In accordance with one aspect of the present invention, the riser may be over 10,000 feet long with an associated weight, and the buoyancy module advantageously may include an elongated vessel with a composite vessel wall. Preferably, the composite vessel wall advantageously has a decrease in weight when submerged between approximately 25 to 75 percent; and more preferably a decrease in weight when submerged between approximately 40 to 60 percent. In addition, the composite vessel wall preferably has a density less than the density of the riser. Furthermore, the composite vessel wall preferably has a coefficient of thermal expansion less than a coefficient of thermal expansion of the riser; and may have a coefficient of thermal expansion between approximately −4.410−8 to 8.010−6 in/in/ F. The composite vessel wall also may have a thermal conductivity less than a thermal conductivity of the riser.

In accordance with another aspect of the present invention, the buoyancy module may include a stem pipe which extends concentrically within the vessel, with an upper end of the vessel coupled to the stem pipe. The riser is received through the stem pipe.

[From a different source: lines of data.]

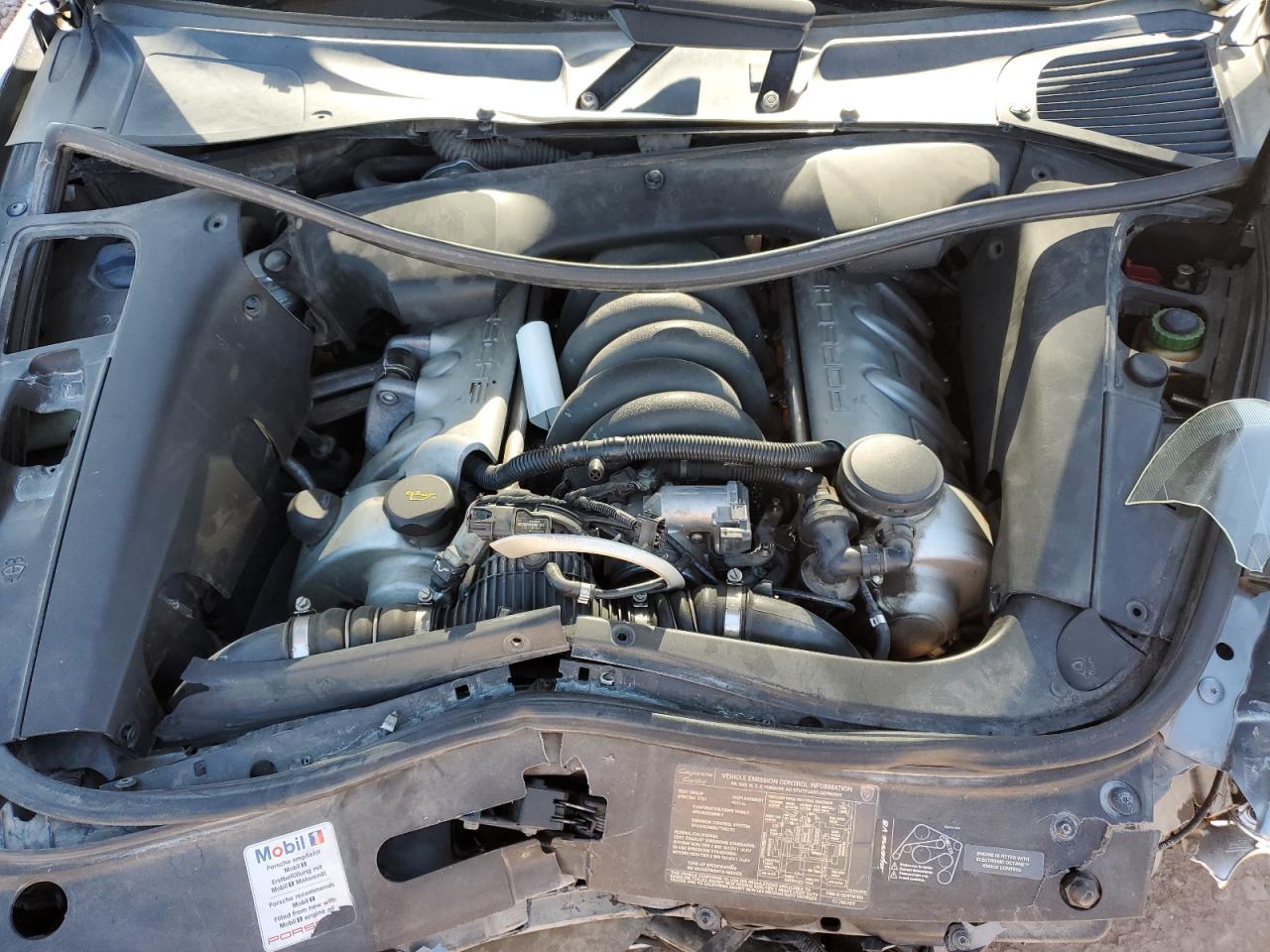 2004 PORSCHE CAYENNE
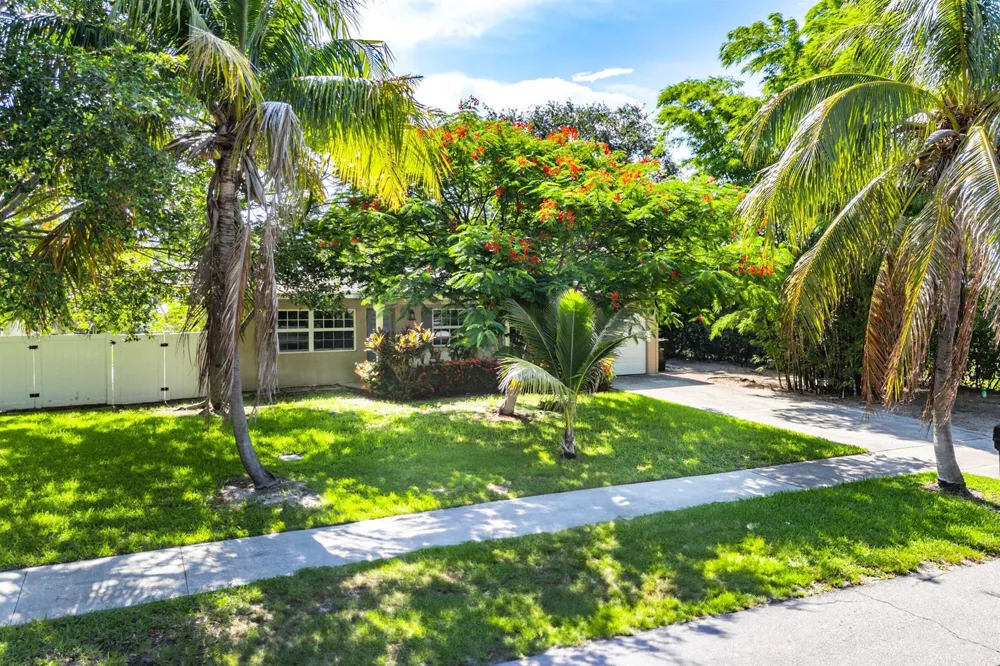 1638 NE 3rd Avenue Delray Beach, FL 33444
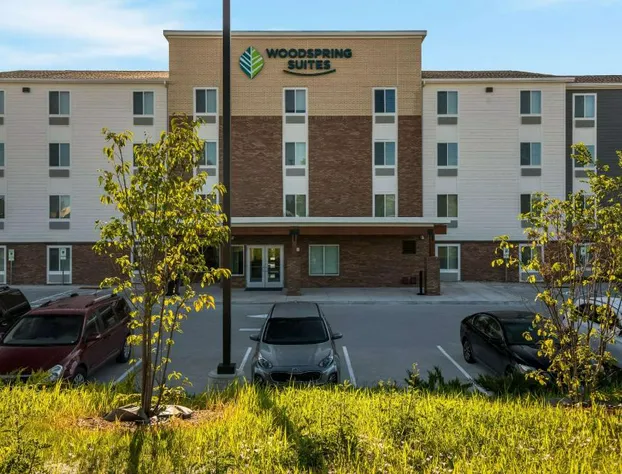 Woodspring Suites Milwaukee - Menomonee Falls hotel detail image 1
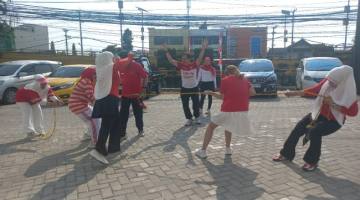 Seru dan meriah diselingi canda dan tawa para Karyawan Koperasi Jasa Tri Capital Investama (TC Invest) Cabang Banjarmasin pada berbagai lomba menyambut momen Perayaan 17 Agustus, Jumat (14/8/2026). (SuarIndonesia/Ist)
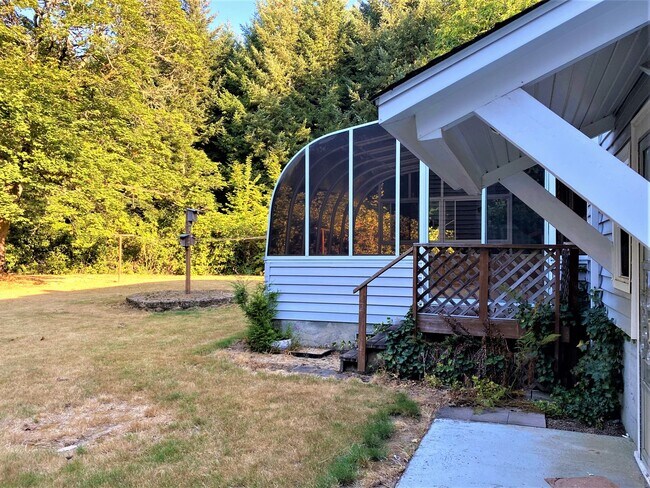 Building Photo - Step Back In Time with this Vintage Sherwood Farm House - Private Backyard.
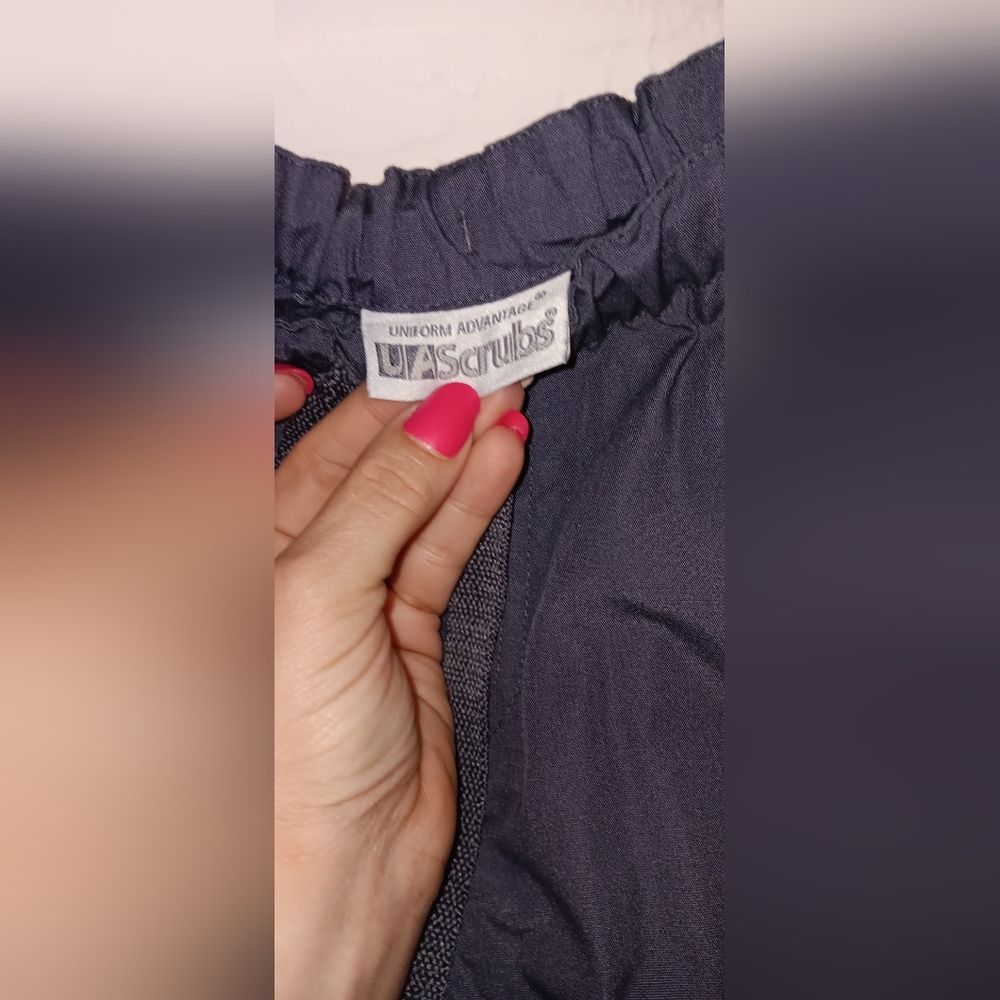 UA scrubs pants 👖, women's sz Medium/Large. 2 for $20 - Picture 8 of 8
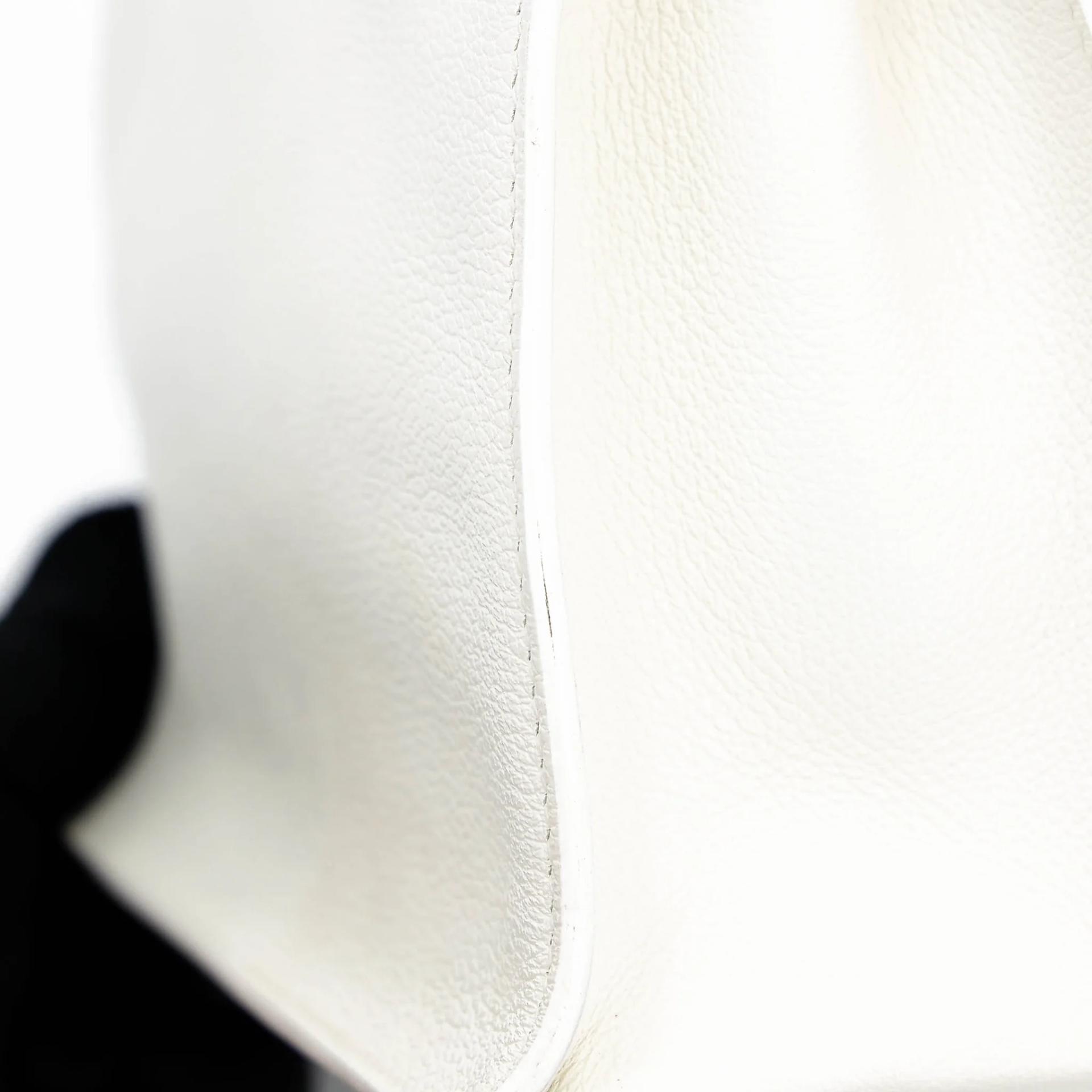Very Good ( Rank A) HERMÈS Kelly Danse White (01) Evercolor Gold hardware U (2022) - 13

Alternatively, the buoyancy vessel or module may be coupled directly to the riser.

A spider structure may be attached to the vessel to position the stem pipe concentrically within the vessel. The spider structure may have an annular member with an aperture receiving the stem pipe therethrough, and a plurality of arms attached to and extending between the vessel and the annular member.

In accordance with another aspect of the present invention, the buoyancy module or vessel advantageously may have a noncircular cross section to maximize buoyancy. The buoyancy module may be disposed in a floating platform with a grid structure with at least one individual square compartment through which the buoyancy module or vessel is disposed. The square compartment has a cross-sectional area. The non-circular cross-section of the buoyancy module or vessel advantageously defines an area greater than approximately 79 percent of the cross-sectional area of the square compartment. Preferably, the cross-section of the buoyancy module of vessel advantageously includes a polygon, such as hexagon, with an area greater than approximately 86 percent of the square compartment, or an octagon.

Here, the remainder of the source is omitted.